54. Mr Oliver also argued that it is likely that the new occupants will park on the corner, obstructing the access to the unadopted road and visibility for cars going in and out. He produced a photograph of a van parked on the curved corner and suggested that visitors to number 1A will park even more dangerously on the corner itself. We agree that this is not a good place to park, but it is happening already. A clear radius to the junction does not appear to be a benefit secured by the covenant.
55. We take the view that as a matter of common sense the addition of one extra car into the population of cars on the adopted part of Cresswell Road is not going to cause any great difficulty. We find that it is more likely that the occupants of number 1A will park across their dropped kerb, exactly where number 1’s current second space is, and in that event the new development will have made no difference at all. If in fact the occupants of number 1A do park in their side spaces then the overall effect on the parking situation is likely to be positive; number 1 has a space in front, and its garage, and what used to be number 1’s second space on the road will be clear.

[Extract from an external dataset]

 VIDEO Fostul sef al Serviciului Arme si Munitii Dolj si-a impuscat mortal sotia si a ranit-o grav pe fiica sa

The effect on the open plan front gardens
56. It is said that the development will encourage other residents to park on their front gardens and thereby upset the open plan design of the street.

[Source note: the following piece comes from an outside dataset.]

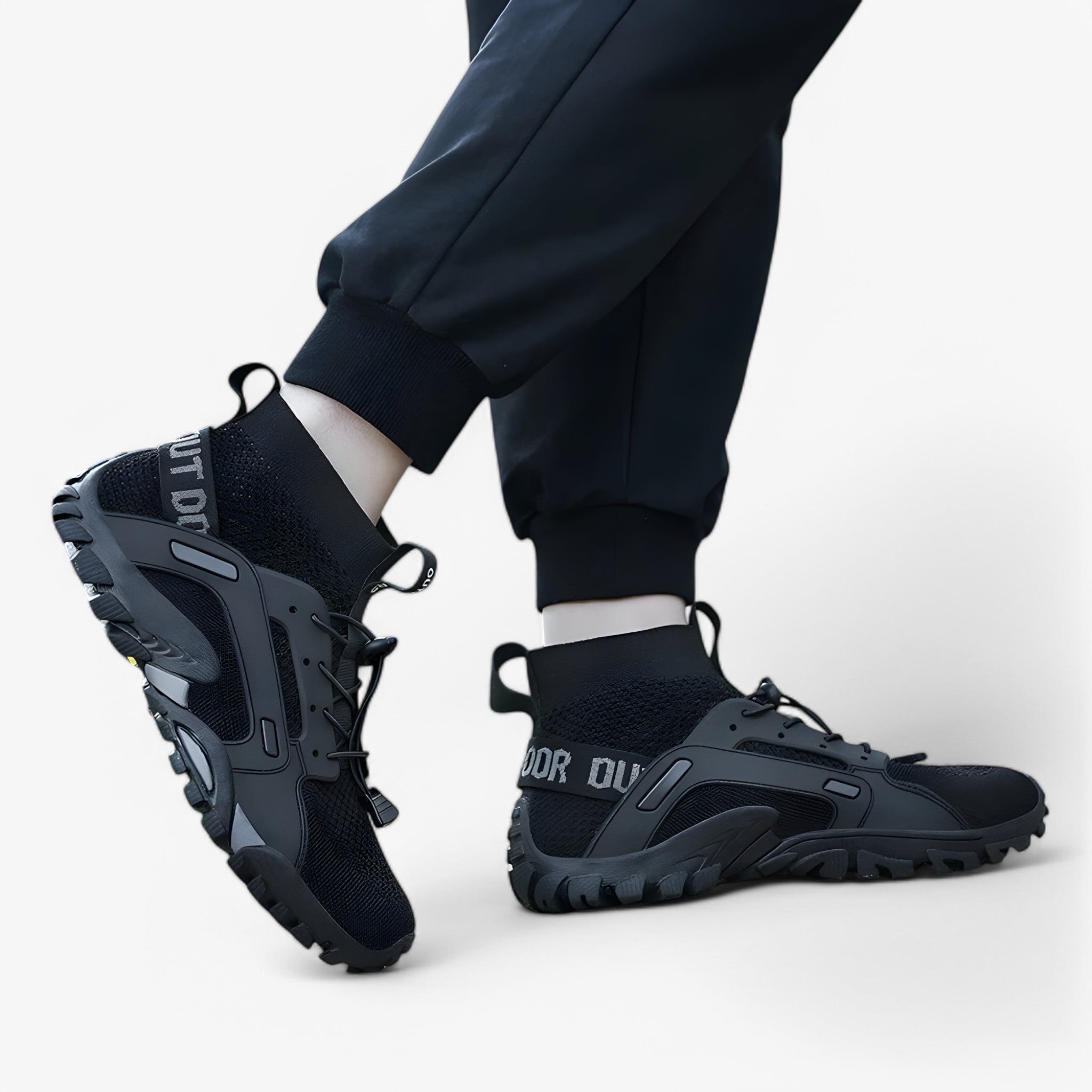 Hochgeschnittene Wanderschuhe - - Hiking Boots - Concept Fashionlab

57. This is of course conjecture. But all the houses have a space on the road across their front. If they were to park on the front garden instead, not only would they be in breach of covenant number 8, but they would not then be able to make full use of the on-street parking. We think that this concern is therefore without substance.
The effect on traffic and access
58. It is argued that the new development will cause traffic hazards. People will be reversing in or out of number 1A across the Hexapath and that will be a danger. Visibility splays are required by the planning permission for cars coming out of the front of 1A, but a car making its way into the front of 1A across the dropped kerb would not be able to see pedestrians behind a car parked outside number 1. Moreover, the access to the unadopted road for emergency vehicles and others would be impeded.

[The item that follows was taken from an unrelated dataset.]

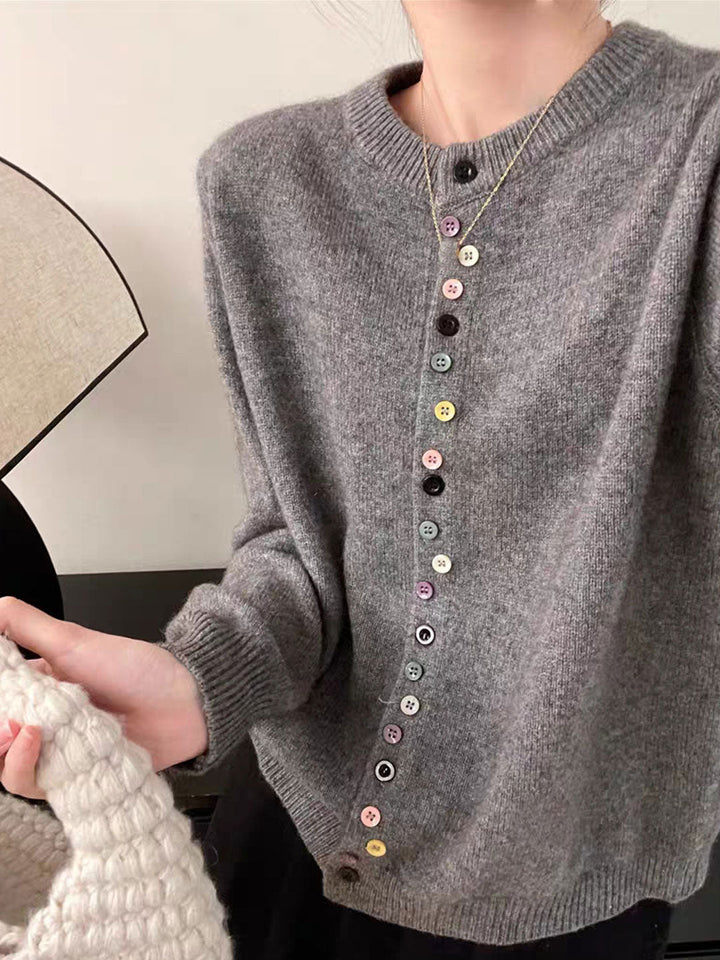 Beatrice - Klassisk Crew Neck Knappad Stickad Kofta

59. The Applicant has produced a letter from the Highways Authority, Buckinghamshire County Council, confirming that it is content with the proposed arrangements. Mr Oliver points out that this is an unadopted road and is outside the control of the Highway Authority; nevertheless, the Authority has considered the arrangements and does not regard them as problematic. Mr Oliver observes that the Highway Authorities in neighbouring counties require dropped kerb vehicle access to be at least 10m, and in some counties 15m, from a junction, whereas this one is 5.75 metres in. We do not consider the policies of neighbouring Highway Authorities to be wholly irrelevant, but we observe that this is a quiet road. We accept that drivers may put their foot down on the adopted part of Cresswell Road, but traffic speed is likely to be slow inside the unadopted road. The planning authority was content with the arrangements from the point of view of its effect on traffic.
60. As Ms Thorne points out in her letter of objection, the unadopted road is a single-track road; there is not room for cars to pass each other once the parking spaces are occupied. A fire engine might already have difficulty, but the removal of a parking space in front of number 1 is not going to make things any worse and may make things rather better.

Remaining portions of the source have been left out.